EXERCISE REQUIREMENTS:
Reproduce word for word, from the entries below, the line with "Lacoste Erkek Classic", the line with "Кариран сутиен Polo", and every line between them, and nothing more.

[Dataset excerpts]
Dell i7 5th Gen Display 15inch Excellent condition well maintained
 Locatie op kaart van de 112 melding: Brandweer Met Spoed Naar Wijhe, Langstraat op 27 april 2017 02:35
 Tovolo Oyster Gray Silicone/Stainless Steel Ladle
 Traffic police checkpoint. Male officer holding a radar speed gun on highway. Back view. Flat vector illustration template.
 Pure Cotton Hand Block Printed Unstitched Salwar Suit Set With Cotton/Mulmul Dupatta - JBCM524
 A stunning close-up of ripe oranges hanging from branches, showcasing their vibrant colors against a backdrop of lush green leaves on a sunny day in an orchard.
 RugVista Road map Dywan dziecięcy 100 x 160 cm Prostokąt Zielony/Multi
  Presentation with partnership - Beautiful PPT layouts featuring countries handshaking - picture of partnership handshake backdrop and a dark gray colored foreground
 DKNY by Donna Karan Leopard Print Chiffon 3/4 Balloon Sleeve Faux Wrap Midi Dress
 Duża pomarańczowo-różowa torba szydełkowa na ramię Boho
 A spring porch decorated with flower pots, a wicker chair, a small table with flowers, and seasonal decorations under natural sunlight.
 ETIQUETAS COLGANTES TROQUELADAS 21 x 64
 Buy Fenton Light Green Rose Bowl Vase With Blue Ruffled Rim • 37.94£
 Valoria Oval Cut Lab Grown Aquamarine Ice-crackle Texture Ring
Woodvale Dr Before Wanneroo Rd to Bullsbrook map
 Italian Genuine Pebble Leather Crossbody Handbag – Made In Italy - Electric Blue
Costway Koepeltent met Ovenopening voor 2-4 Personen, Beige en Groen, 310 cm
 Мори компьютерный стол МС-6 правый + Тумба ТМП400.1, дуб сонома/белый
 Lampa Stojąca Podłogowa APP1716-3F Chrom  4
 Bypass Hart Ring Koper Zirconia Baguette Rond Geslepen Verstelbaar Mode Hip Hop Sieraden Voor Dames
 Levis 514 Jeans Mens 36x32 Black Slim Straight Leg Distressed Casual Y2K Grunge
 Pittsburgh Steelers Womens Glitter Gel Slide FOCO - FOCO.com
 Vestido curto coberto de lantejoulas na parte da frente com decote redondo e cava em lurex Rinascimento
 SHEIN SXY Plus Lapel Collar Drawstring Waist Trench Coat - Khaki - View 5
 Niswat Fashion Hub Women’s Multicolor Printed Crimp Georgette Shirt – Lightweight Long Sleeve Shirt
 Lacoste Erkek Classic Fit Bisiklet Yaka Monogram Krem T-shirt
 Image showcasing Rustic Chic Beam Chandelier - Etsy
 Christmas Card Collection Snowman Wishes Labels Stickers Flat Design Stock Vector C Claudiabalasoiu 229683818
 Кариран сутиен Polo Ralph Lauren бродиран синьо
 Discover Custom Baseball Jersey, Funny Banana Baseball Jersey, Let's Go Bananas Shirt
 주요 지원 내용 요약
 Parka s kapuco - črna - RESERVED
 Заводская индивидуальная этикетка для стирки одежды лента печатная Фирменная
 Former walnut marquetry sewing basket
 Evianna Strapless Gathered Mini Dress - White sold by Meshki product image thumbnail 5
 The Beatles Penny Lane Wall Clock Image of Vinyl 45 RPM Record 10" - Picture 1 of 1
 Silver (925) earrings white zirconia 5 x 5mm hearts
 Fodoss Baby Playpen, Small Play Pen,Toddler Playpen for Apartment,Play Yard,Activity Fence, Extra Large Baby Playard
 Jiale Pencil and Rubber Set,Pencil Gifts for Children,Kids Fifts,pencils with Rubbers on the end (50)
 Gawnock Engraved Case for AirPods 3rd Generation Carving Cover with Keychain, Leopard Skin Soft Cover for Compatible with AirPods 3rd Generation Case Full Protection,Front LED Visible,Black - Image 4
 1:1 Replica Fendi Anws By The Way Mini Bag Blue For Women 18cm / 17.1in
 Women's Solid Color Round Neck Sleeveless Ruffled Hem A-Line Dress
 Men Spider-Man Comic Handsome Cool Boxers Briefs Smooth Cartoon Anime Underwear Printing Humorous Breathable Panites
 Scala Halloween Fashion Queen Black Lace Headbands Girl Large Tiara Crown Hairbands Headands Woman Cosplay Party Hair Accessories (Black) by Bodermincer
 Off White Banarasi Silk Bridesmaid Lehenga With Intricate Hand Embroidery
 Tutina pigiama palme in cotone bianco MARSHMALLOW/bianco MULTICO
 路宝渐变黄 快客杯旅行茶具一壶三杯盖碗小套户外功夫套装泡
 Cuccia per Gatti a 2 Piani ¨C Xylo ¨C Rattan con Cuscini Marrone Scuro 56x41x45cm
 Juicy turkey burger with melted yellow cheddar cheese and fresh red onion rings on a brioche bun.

RESULT FOR THIS TASK:
 Lacoste Erkek Classic Fit Bisiklet Yaka Monogram Krem T-shirt
 Image showcasing Rustic Chic Beam Chandelier - Etsy
 Christmas Card Collection Snowman Wishes Labels Stickers Flat Design Stock Vector C Claudiabalasoiu 229683818
 Кариран сутиен Polo Ralph Lauren бродиран синьо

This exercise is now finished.